The Zmat2 gene in other mammals
By searching genome databases with mouse exons, the few homologous cDNAs, and in selected cases, exons from closely related species, Zmat2 was characterized in 17 other mammals representing 9 different orders, and spanning ~ 165 Myr of evolutionary history. These other mammalian Zmat2 genes also all appeared to consist of 6 exons (Fig. 3, Table 2), and when their 5′ and 3′ ends were mapped using species-homologous RNA-sequencing libraries (Additional file 1: Table S1, Additional file 2: Table S2, Additional file 3: Figure S1, Additional file 4: Figure S2 and Additional file 5: Figure S3), their overall structures closely resembled mouse Zmat2 (Fig. 3, Table 2). In particular, there was perfect congruence in the lengths of coding exons 2–5 (Table 2), and high levels of DNA sequence identity (84.3 to 97.8%, Table 3). Total gene sizes varied over a 2-fold range, from 5477 base pairs in megabat to > 10,457 base pairs in dog, with most of the differences attributable to longer or shorter 3′ UTRs in exon 6 and to some variation in intron lengths (Table 2).
DNA conservation also was relatively high for Zmat2 exon 1 among the mammals studied (87.1 to 96.8% identity, Table 3), even though it is comprised primarily of 5′ UTR. The exception here is opossum (55.8 and 56.8% identity, Table 3 and see below). Exon 6 was more dissimilar among the different species (Table 3), particularly in the noncoding segments (e.g., no identity in Tasmanian devil or koala).
The opossum genome contains tandem Zmat2 genes
Initial screening of the opossum genome revealed several sets of DNA sequences with comparable levels of identity with mouse Zmat2 exons 2–5 (84.9 to 94.3%, Table 3). Two of these groups of DNA segments were distributed to adjacent locations in the opossum genome, and when compiled and evaluated in detail (including identifying exon 1 by using koala Zmat2 exon 1) consisted of tandem genes that were oriented ‘head-to-head’ in divergent transcriptional direction (Fig. 4a). Further analysis showed that the 5′ ends of exon 1 of both genes potentially overlapped (Fig. 4a, b), that exons 1 through 5 were 99.73% identical, that the lengths of exon 6 matched each other and that they were 99.9% identical in DNA sequence (Fig. 4b and not shown). By using probes that differed by a single nucleotide (Additional file 2: Table S2) to screen an RNA-sequencing library, we found that both opossum Zmat2 genes were expressed, at least in liver, with transcripts for gene 1 being more abundant than those for gene 2 (Fig. 4c). Moreover, both opossum Zmat2 mRNAs were the same length (Fig. 4d), and they encoded proteins that varied by a single amino acid (valine at position 128 in protein 1, and methionine in protein 2 (Fig. 4e).

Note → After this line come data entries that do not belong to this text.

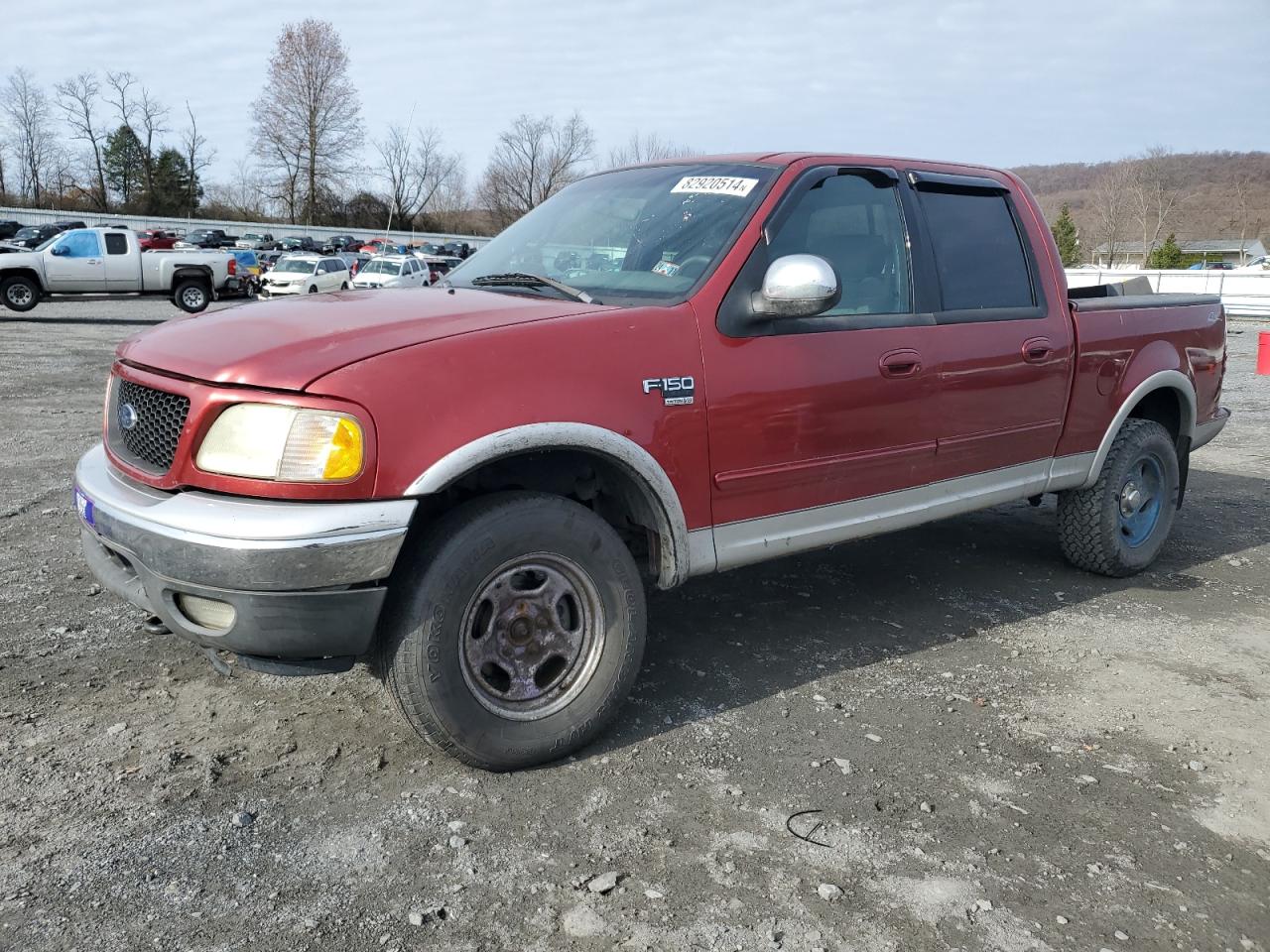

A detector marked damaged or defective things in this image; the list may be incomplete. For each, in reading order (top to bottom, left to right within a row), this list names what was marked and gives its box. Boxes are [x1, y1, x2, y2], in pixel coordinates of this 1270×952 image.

rusty wheel [460, 555, 603, 718]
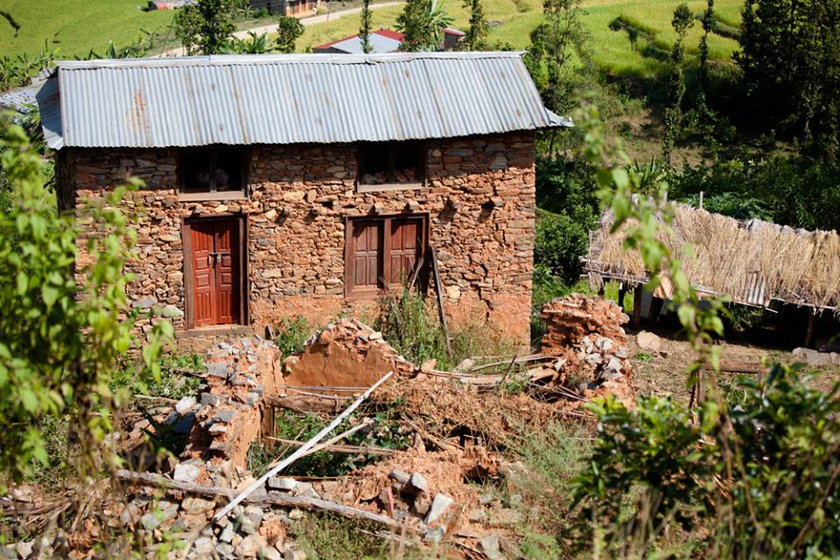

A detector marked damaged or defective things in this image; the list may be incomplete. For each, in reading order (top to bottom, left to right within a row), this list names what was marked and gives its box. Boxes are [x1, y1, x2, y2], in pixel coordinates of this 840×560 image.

rusty roof sheet [36, 51, 568, 149]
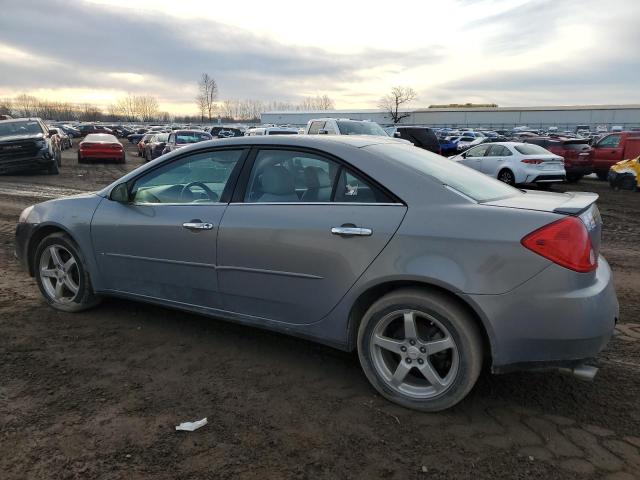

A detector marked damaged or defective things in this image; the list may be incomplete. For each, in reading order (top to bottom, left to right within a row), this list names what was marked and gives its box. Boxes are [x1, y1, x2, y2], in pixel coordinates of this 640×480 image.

damaged vehicle [13, 136, 616, 412]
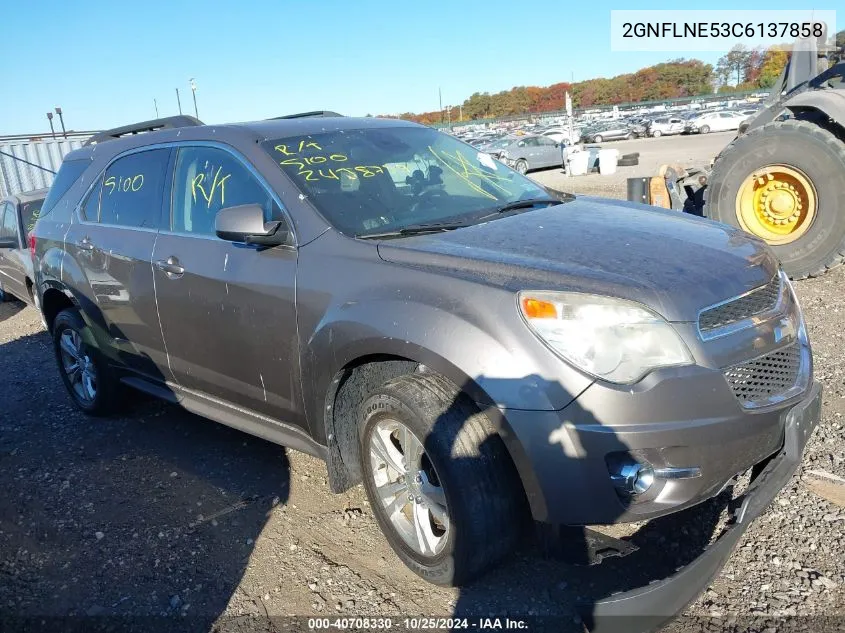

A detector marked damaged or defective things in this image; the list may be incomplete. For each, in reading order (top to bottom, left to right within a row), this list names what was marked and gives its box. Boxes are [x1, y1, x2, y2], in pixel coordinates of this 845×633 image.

damaged bumper [580, 380, 816, 632]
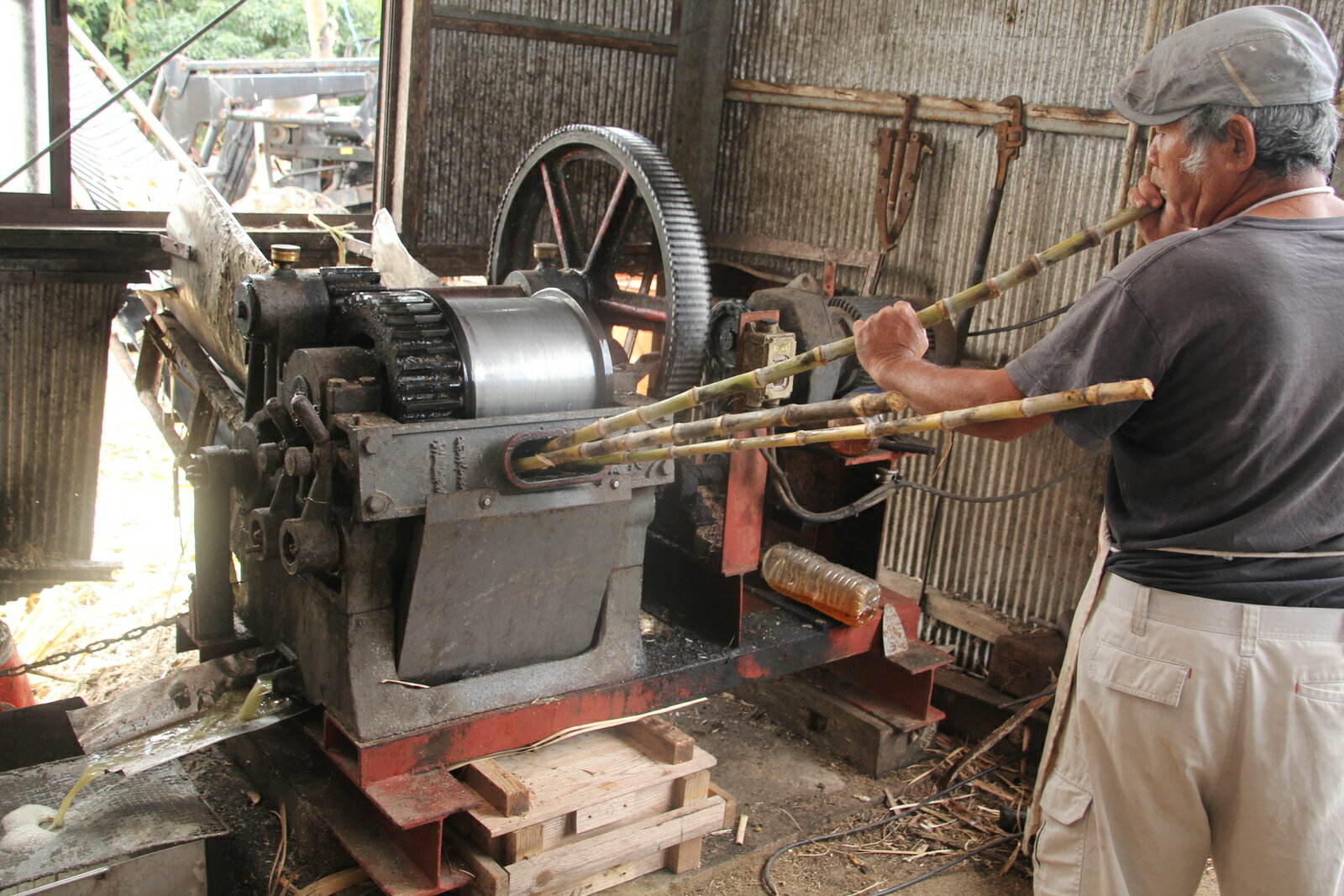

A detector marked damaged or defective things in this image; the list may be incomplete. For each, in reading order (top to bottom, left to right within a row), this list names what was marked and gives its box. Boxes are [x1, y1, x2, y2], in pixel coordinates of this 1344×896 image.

Multiple Zmat2 pseudogenes arose independently in different mammalian genomes
Screening of different mammalian genomes with individual mouse Zmat2 exons led to the identification of additional related DNA sequences in nine species (rat, guinea pig, rabbit, dog, dolphin, microbat, megabat, opossum, and platypus; Table 4). The levels of similarity with mouse Zmat2 exons ranged from 80.1 to 93.4% identity (Table 4). In rat, rabbit, dog, dolphin, megabat, microbat, and opossum paralogs of all 6 Zmat2 exons were detected, and except for rabbit, were composed of continuous DNA sequences (Table 4, Fig. 5). In the latter an unreadable DNA segment of ~ 406 nucleotides separated ‘exons’ 2 and 3. These ‘full-length’ DNAs thus appeared to be pseudogenes that resembled processed mRNAs, and that presumably were retro-transposed as DNA copies back into the respective genomes . In guinea pig, paralogs of only ‘exons’ 4 through 6 could be found, in platypus, individual representations of ‘exon 2’ and ‘exon 3’ mapped to different locations in the genome, and in rat two copies of 461 base pairs of ‘exon 6’ were found in different parts of the X chromosome (87.4% identity with the corresponding portions of the mouse exon, Table 4). The two putative Zmat2 pseudogenes found in the microbat genome and the four located in the dolphin genome are depicted in Fig. 5. In microbat, one of these DNA sequences contained a continuous open reading frame of 199 codons, and its conceptual translation revealed marked similarity with the microbat ZMAT2 protein (183/199 identical residues, Fig. 5b). In dolphin, in which two of the four pseudogenes encoded 199-codon open reading frames (Fig. 5c), one was predicted to be identical to authentic ZMAT2, while the other matched it in 185/199 residues (Fig. 5d).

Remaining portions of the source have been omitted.